Solved – Casella and Berger vs Wasserman to acquire a good statistics foundation

references

I'm interested on acquiring a strong foundation in statistics. I have just finished Introduction to Probability by Joe Blitzstein and I'm looking for a good book on statistics before moving to The Elements of Statistical Learning.

I have searched through many posts across this site and I'm not sure about which book to pick in order to do so. I'm between Casella and Berger Statistical Inference and Wasserman All of Statistics. Since my mid term goal is research, maybe Casella and Berger would be a better choise, since seems more in depth and focused to traditional statistics, but I'm not sure.

Which one would you recommend me?

Best Answer

May I suggest using Larry Wasserman's LN that are available on: http://www.stat.cmu.edu/~larry/=stat705/?

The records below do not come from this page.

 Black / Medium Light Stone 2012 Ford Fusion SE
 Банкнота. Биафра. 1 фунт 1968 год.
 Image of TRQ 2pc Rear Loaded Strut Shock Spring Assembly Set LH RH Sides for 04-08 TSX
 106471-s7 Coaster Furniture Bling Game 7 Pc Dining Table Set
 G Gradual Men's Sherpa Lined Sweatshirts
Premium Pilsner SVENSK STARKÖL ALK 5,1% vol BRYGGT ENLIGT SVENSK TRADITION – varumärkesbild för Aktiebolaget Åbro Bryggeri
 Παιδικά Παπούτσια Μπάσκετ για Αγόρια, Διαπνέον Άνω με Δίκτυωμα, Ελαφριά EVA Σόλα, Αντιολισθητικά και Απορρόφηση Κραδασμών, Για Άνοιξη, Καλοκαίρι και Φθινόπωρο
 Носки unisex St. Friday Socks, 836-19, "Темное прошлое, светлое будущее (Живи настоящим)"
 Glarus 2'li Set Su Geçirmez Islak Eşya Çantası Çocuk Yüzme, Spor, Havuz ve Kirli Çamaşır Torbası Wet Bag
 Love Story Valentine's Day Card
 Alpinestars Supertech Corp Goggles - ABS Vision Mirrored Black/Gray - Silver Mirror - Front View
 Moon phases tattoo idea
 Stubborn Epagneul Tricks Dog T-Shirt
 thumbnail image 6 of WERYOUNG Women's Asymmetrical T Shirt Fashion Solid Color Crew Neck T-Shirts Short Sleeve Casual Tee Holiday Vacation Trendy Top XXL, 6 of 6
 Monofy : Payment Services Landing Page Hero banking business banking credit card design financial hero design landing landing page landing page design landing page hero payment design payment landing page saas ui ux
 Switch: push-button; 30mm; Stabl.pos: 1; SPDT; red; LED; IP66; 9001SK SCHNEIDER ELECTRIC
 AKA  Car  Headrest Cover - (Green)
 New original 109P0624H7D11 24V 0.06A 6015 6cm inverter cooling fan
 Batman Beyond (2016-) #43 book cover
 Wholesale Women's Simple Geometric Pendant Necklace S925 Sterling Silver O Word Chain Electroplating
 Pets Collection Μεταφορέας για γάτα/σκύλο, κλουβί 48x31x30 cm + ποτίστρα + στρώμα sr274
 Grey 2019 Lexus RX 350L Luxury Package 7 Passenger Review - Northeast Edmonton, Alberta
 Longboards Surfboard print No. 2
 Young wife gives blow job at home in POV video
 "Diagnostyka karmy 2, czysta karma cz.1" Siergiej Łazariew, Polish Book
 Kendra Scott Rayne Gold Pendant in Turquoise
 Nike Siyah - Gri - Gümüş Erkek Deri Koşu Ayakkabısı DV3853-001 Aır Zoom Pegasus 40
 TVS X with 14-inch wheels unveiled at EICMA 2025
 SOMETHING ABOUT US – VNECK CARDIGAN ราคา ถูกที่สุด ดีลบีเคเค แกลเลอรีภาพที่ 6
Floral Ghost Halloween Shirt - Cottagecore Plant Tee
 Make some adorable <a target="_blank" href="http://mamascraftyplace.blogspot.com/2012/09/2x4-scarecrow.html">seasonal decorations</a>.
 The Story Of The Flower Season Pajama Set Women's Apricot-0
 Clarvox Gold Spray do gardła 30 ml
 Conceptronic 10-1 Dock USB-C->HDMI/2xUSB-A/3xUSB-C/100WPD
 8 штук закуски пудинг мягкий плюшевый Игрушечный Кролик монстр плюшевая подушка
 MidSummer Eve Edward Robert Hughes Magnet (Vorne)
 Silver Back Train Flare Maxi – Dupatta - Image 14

Although Larry has removed the homeworks (and solutions), the LNs are very well written. A big bonus is the link to Larry's videos posted on YouTube. Unfortunately, the video quality is not that great but Larry is an amazing lecturer. I audited (in-class) an earlier version of Larry's course ...

Given CMUs machine learning focus, Larry's course design is to prepare students for graduate-level machine learning courses. So, Larry will spend more time on topics that fulfill that goal (cf. traditional intermediate statistics texts).